We’re in the first stages of growing pains. A whole new learning curve, and everyone better get used to it. After years of legislation and slowly moving toward a technologically more advanced system, it’s not likely to return to old-fashioned paper and pencils. You can’t let the genie out of the bottle.
To get a little perspective, Freightwaves spoke with Ed Kern, Vice President of Pricing and Network Strategy at Covenant Transportation Group, a larger, mostly long-haul carrier.
“ELDs really shouldn’t be a problem. A lot just don’t do it because they weren’t playing by the rules in the first place,” says Kern.
In the short term ELDs very likely will shrink the capacity of drivers who just don’t want to deal with it. At the same time, it’s sure to benefit the larger carriers, such as Covenant, who already have systems in place and have been playing by the rules all along.
Kern doesn’t agree with the drivers who argue the ELDs are too inflexible and will force drivers to drive when they’re tired. “Speeding may be an issue,” he says. “But owner-operators who already implement governors [the ability to halt gas intake in an engine at a certain speed] shouldn’t worry.”

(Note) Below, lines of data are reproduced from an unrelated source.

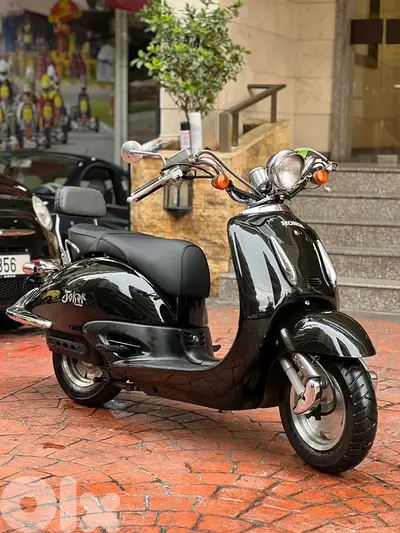 Honda jocker 90 cc Japanese vintage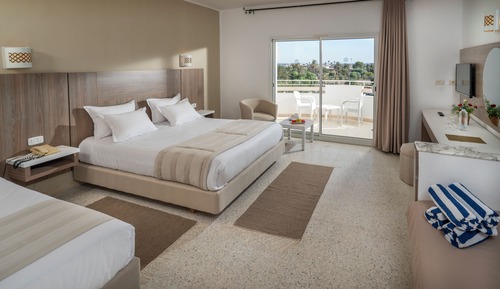 Quadruple Room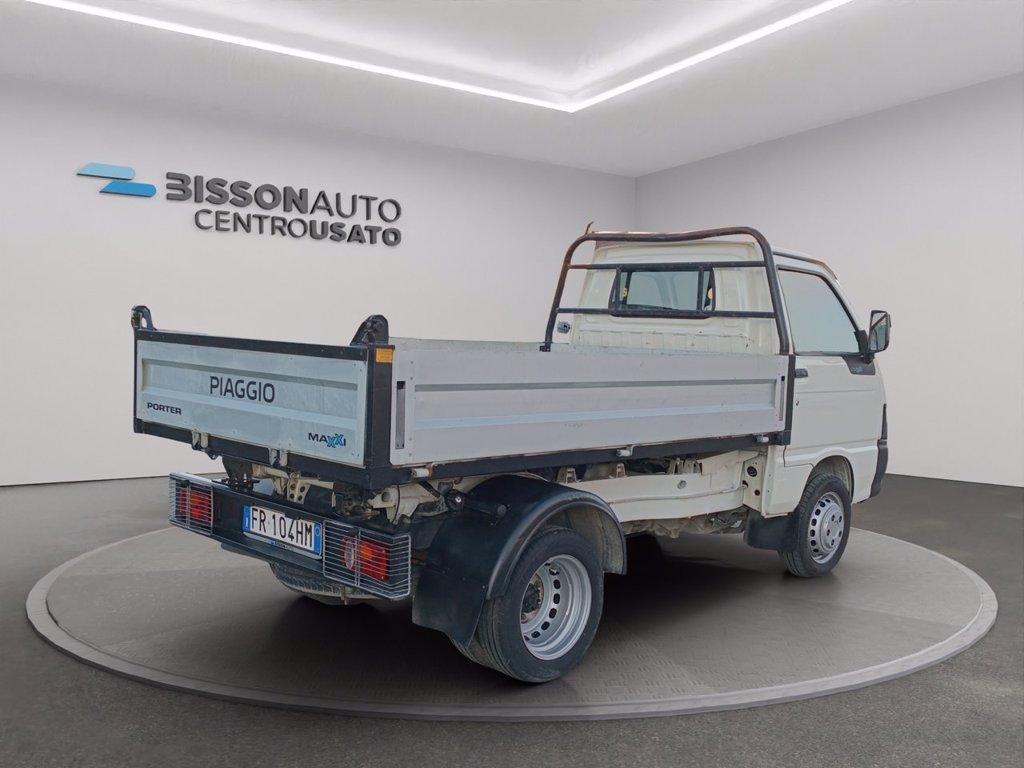 PIAGGIO porter maxxi pianale r.gem.E6 del 2018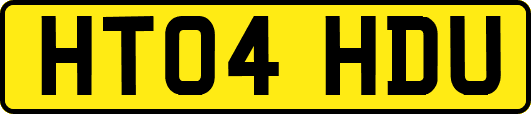 HT04HDU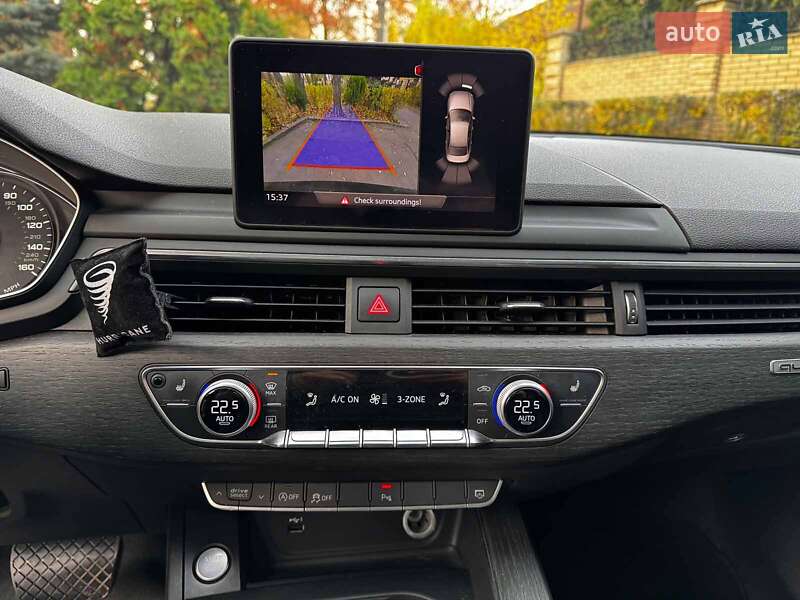 Седан Audi A4 2017 в Києві фото 18 Седан Audi A4 2017 в Києві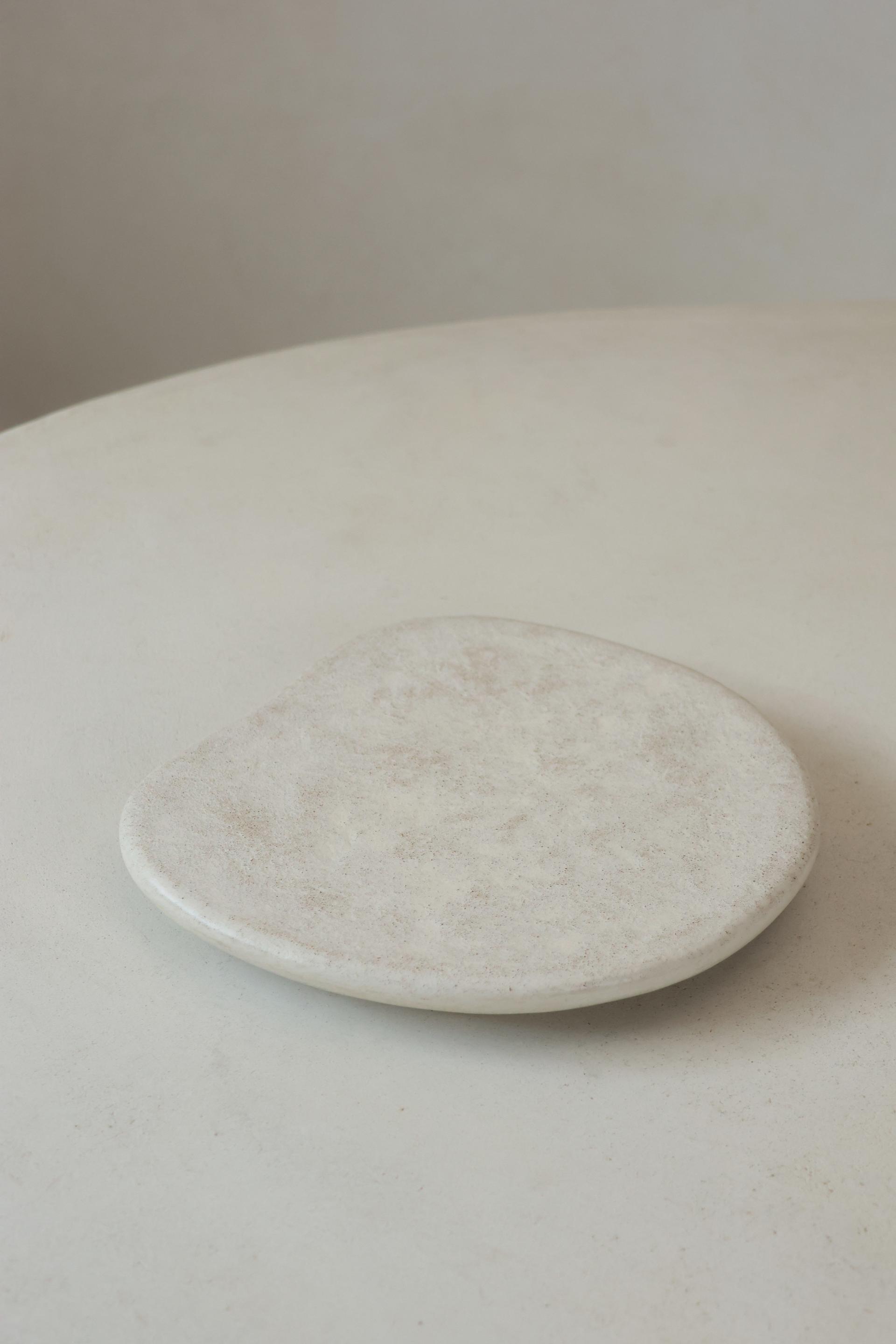 Droplet Tray · S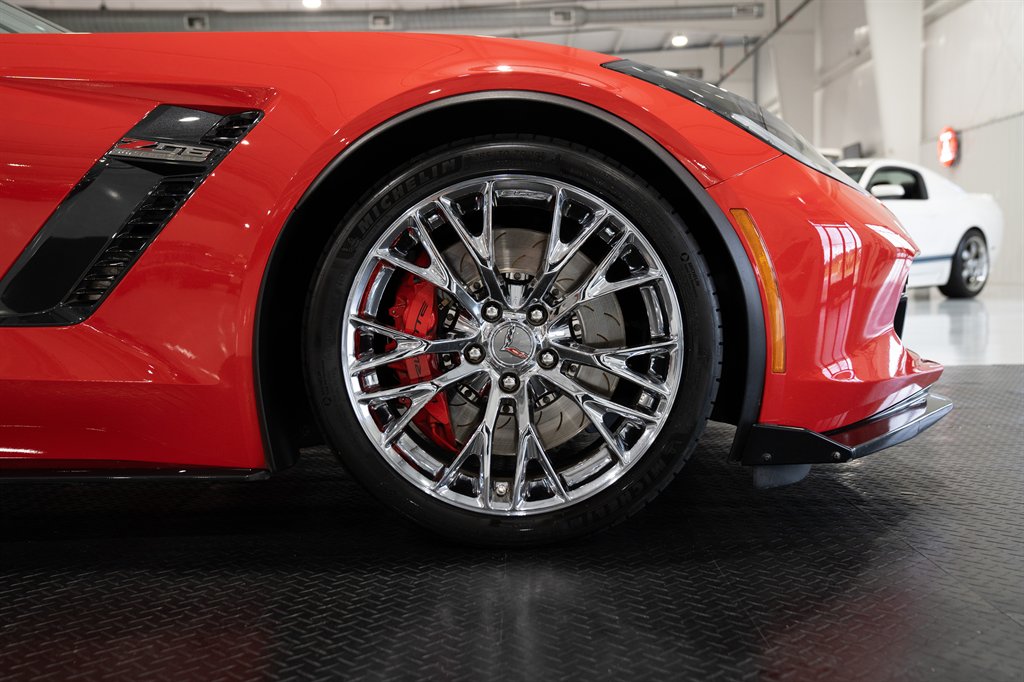 2015 Chevrolet Corvette 39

According to Kern, most, or at least many, carriers use a governor system to maximize fuel efficiency, and also for insurance reasons. “A single crash can result in a multi-million dollar claim.”
As for dealing with the driver shortage issue, Kern says the industry will adjust and realize we need to pay drivers more money. “We also need to address the lifestyle issues, and treat them with the respect they deserve.”
Freightwaves also spoke with driver, Jeff Clark, who was driving out of a congested Chicago evening traffic at the time. Clark is a veteran driver with 29 years under his belt, 16 of them as an owner-operator.
“The ELDs don’t force you to do anything,” he says. “I’ve been using them for five years now, and the only difference is that I’m better rested.” One thing ELDs do force a driver to do is actually take that ten-hour break.
As for speeding, Clark agrees that some drivers probably will. “I’m most efficient at 62-63 miles per hour, so that’s where I tend to run. Sometimes, though, I might have to get it up to 68-70 if I need to make the run.”
Clark doesn’t buy the driver shortage thing. “It’s crap,” he says. “It’s economic-based. We need about 3.5 million drivers. We attract about 500,000 a year, but we don’t keep them.”
Clark does believe that ELDs will tighten the supply of drivers in the short-term, but before we see drivers' rates go up, he thinks something else will have to give. “Efficiency needs to increase. When it starts costing the docks they’ll get more efficient. That will be the first change to come. Why? Because it’s cheaper than paying drivers more.”
As for ELDs, Clark says, “At first you get a little obsessed with it, but then you get used to it.” It can actually be helpful at times too, keeping drivers focused on their stats, efficiency and schedule. “I think in a year no one will be talking about this.”